Assigned task:
Only one part of the listing is needed: the lines from the one with "4945 Cougar Ct S Apt 202, Naples, FL 34109" through the last line, copied exactly and free of pictures.

Stored data:

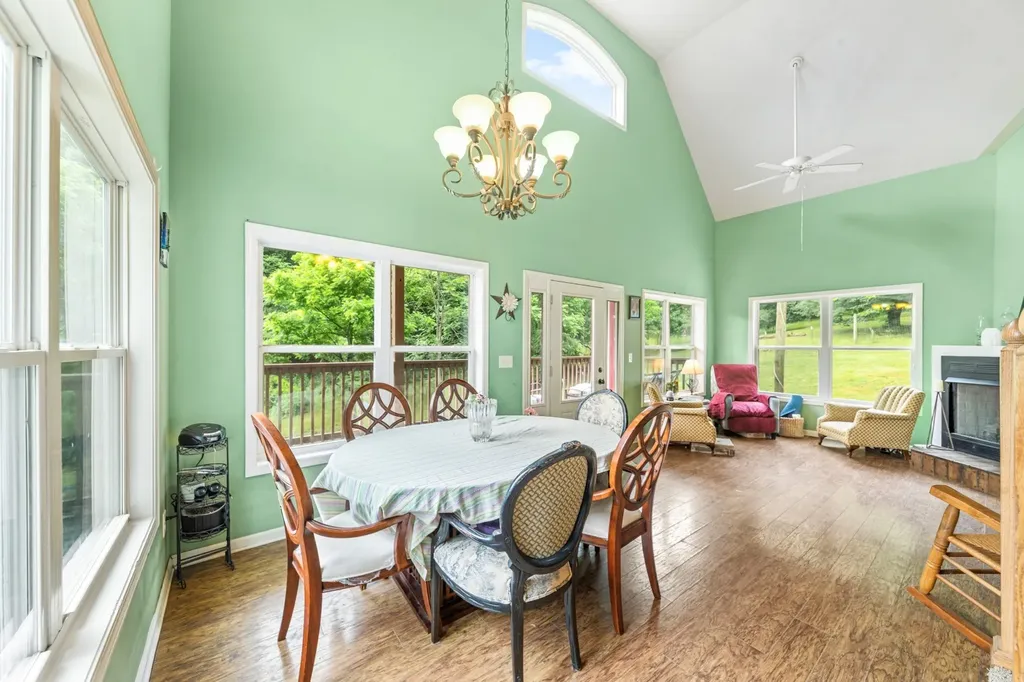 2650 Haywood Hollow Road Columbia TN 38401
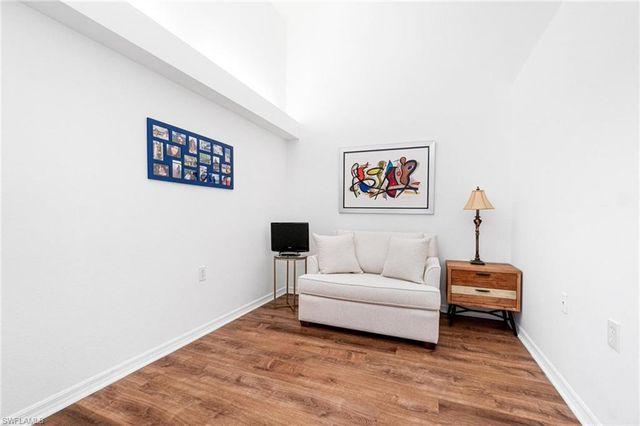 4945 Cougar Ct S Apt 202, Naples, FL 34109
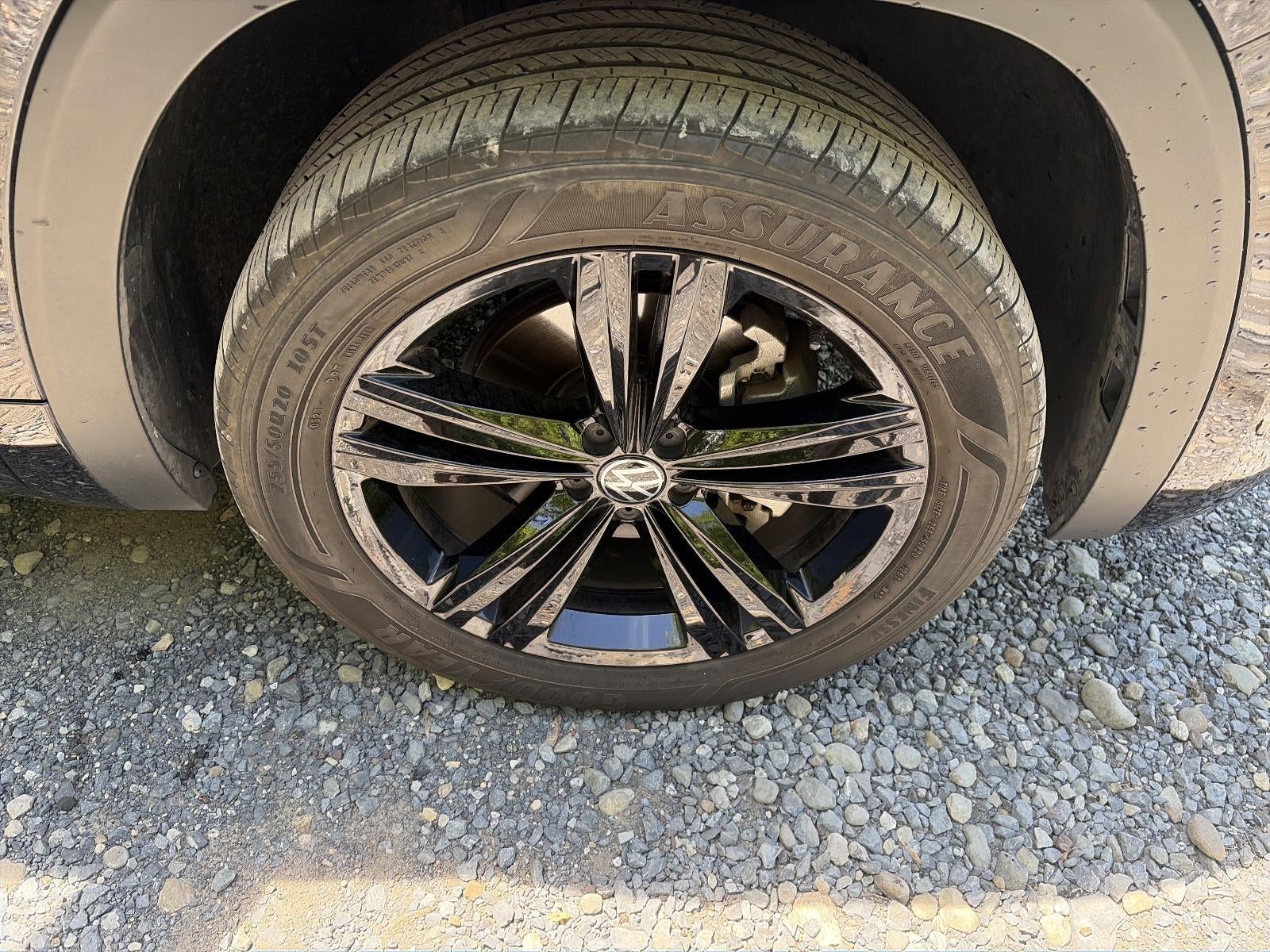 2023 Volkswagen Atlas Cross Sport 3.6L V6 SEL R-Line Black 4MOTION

Output below:
 4945 Cougar Ct S Apt 202, Naples, FL 34109
 2023 Volkswagen Atlas Cross Sport 3.6L V6 SEL R-Line Black 4MOTION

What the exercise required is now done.